EXERCISE :: The result should be the lines from the one that contains "Set of 5 x Random" to the final line of the entries below, copied exactly and with no pictures.

■ ■ ■ ■ ■

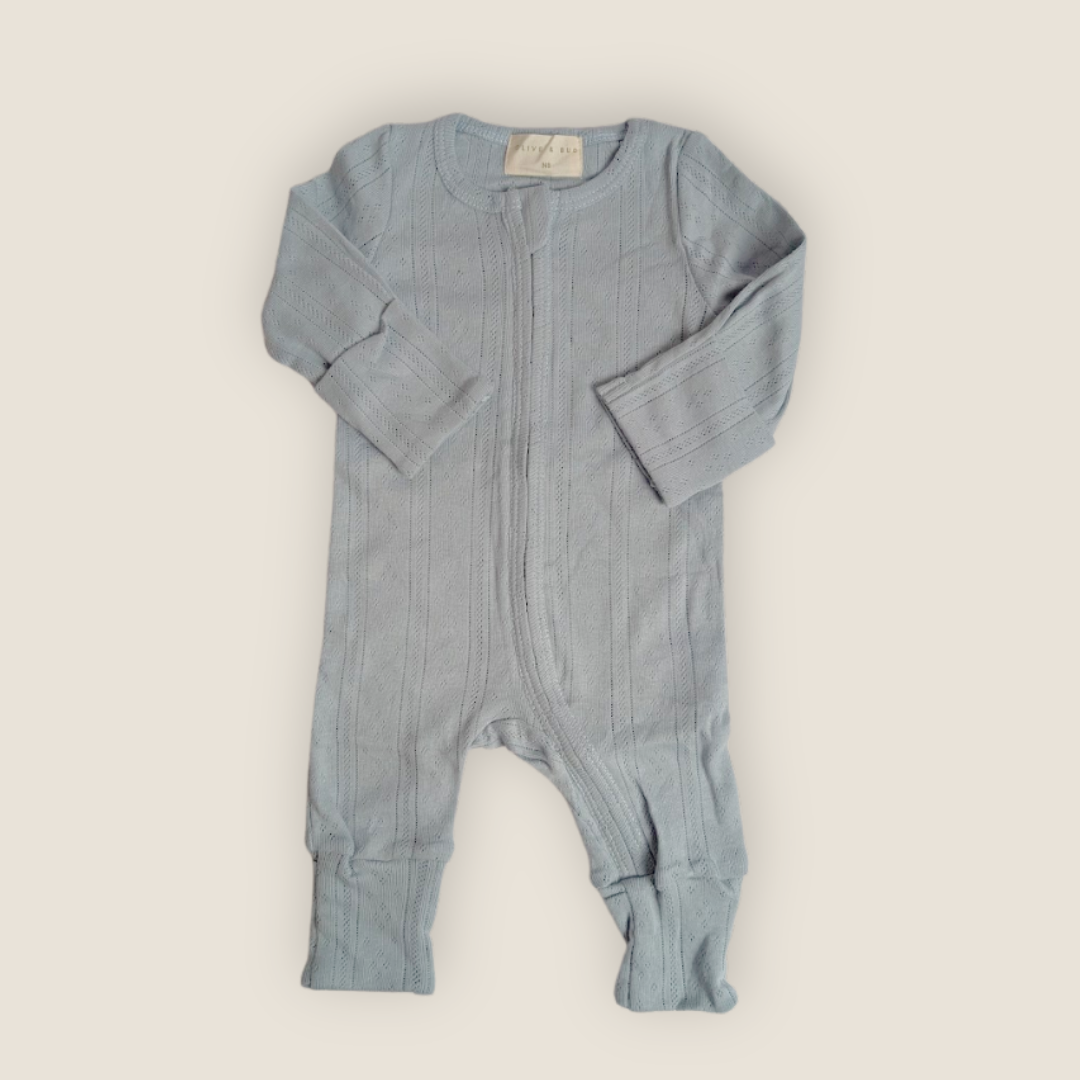 The Pointelle Sleepsuit | Cornflower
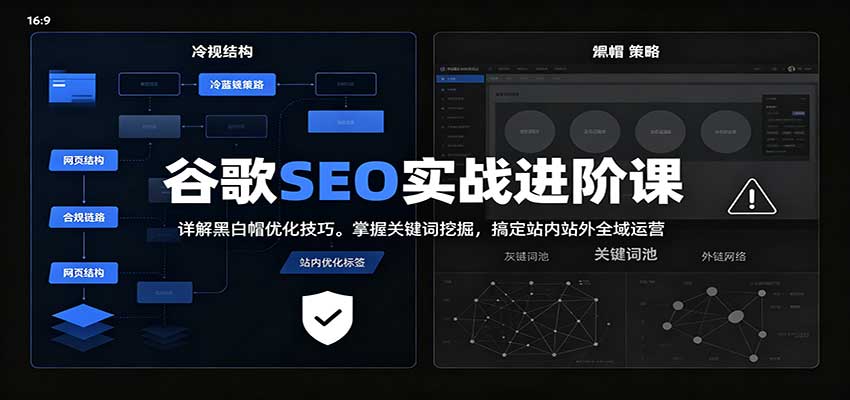 2026谷歌SEO实战进阶课:详解黑白帽优化技巧,掌握关键词挖掘,搞定站内站外全域运营-鼎铸网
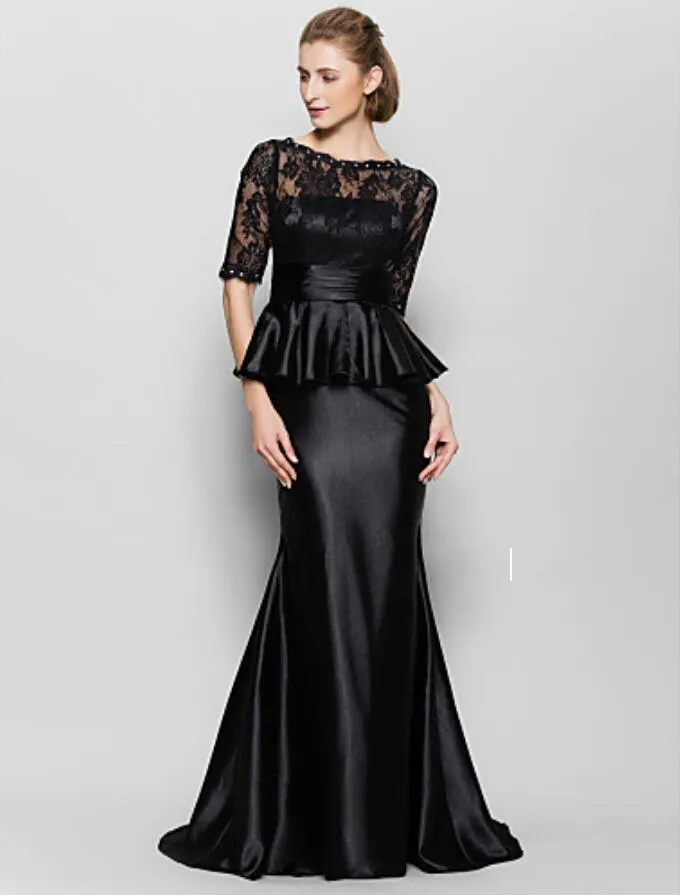 Elegant Mum Long Lace Half Sleeve Mother Formal Wear Mermaid Jewel Neckline Sweep Train Party Dresses For Women Plus Size Mother's Dresses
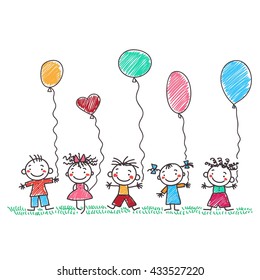 Cute doodle stick children with balloons. Vector illustration with boys and girls.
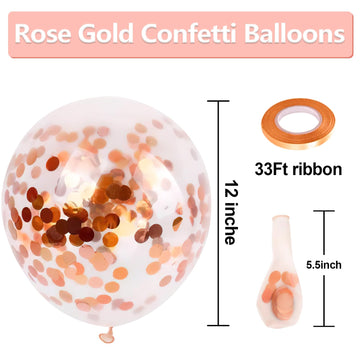 Bezente Rose Gold Confetti Latex Balloons - 60 Pack 12 Inch Helium Rose Gold Confetti Balloons For Wedding Birthday Anniversary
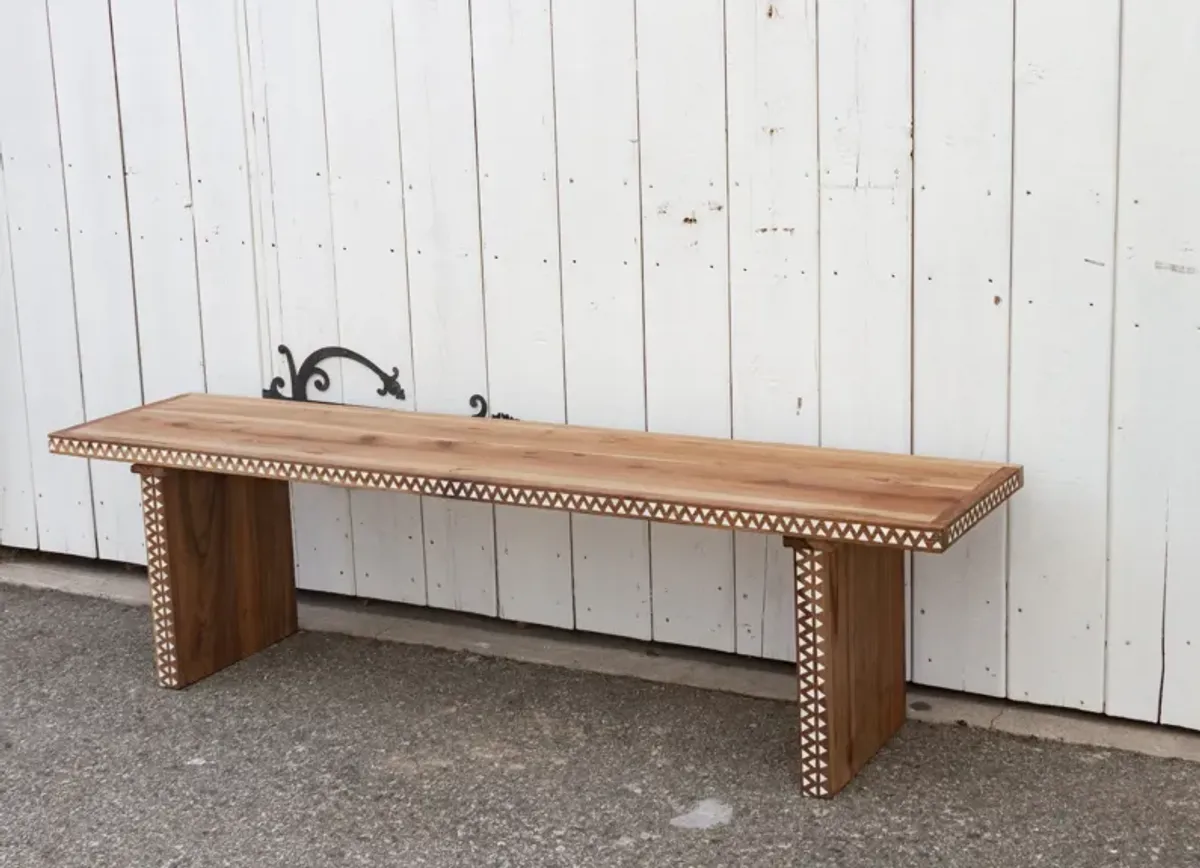 Teak Parson Mother of Pearl Inlay Bench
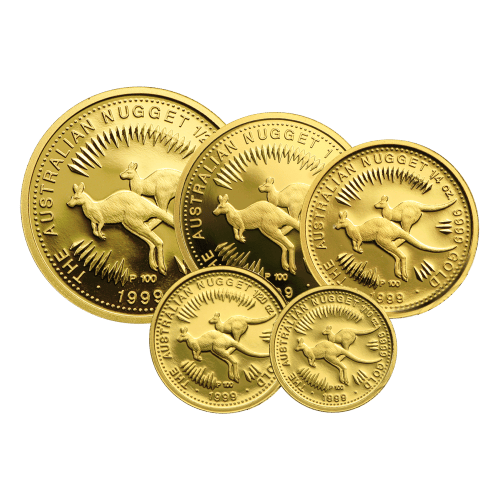 Set of 5 x Random Year Australian Nugget Proof Gold Coins | Perth Mint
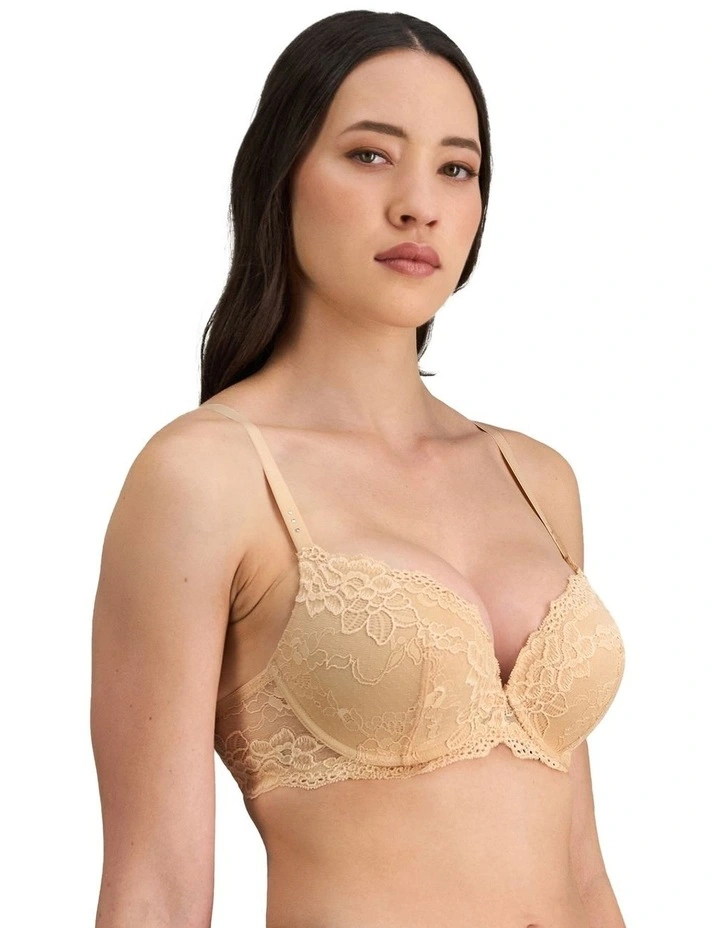Lace 200% Boost Push Up Plunge Bra in Frappe image 3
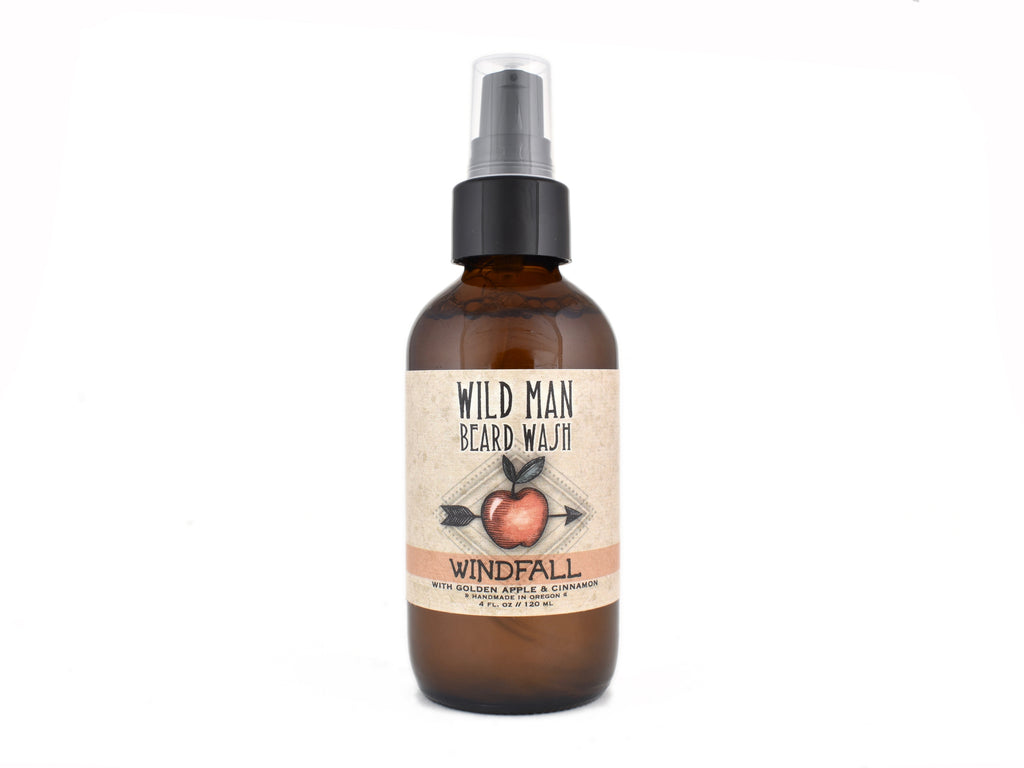 Wild Man Beard Wash Windfall in 4oz amber glass bottle on white background.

■ ■ ■ ■ ■

RESULT ::
 Set of 5 x Random Year Australian Nugget Proof Gold Coins | Perth Mint
Lace 200% Boost Push Up Plunge Bra in Frappe image 3
 Wild Man Beard Wash Windfall in 4oz amber glass bottle on white background.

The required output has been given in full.